To examine the possibility that RNAP II functions directly in splicing,
we first purified RNAP II from HeLa cells, following the procedure of
Lu et al. (1991). Given that some studies suggested that only the RNAP
IIO isoform is able to interact with splicing factors, this procedure
was especially appropriate because it allowed separation of RNAP IIO
from RNAP IIA. Aliquots of the two purified preparations were resolved
by SDS-PAGE and visualized by silver staining (Fig.

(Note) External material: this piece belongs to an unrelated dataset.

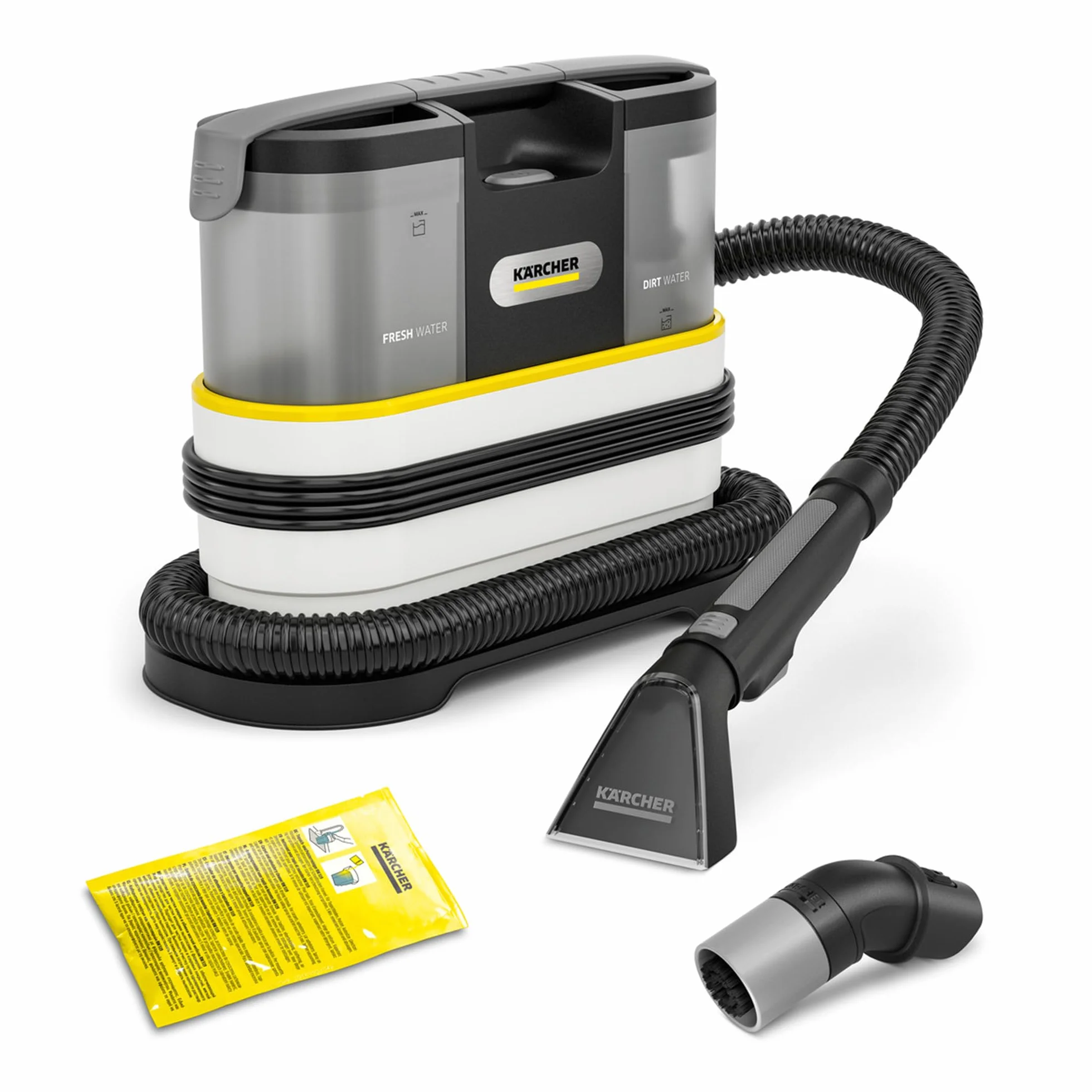 Kärcher lava-aspiradora SE 2 Spot Care, potencia: 450 W, depósito de agua limpia: 1,5 l, superficie: 2,89 m², peso: 4,2 kg, boquilla para tapicerías, boquilla para manchas, limpiador RM 519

1a), which revealed that both were essentially homogeneous. Western blotting with an antibody that recognizes the CTD
(Besse et al. 1995) confirmed that neither isoform was detectably
contaminated with the other (Fig. 1b). Given the known ability of SR
proteins to activate splicing, we wished to provide additional evidence
that the RNAP preparations were not contaminated with SR proteins.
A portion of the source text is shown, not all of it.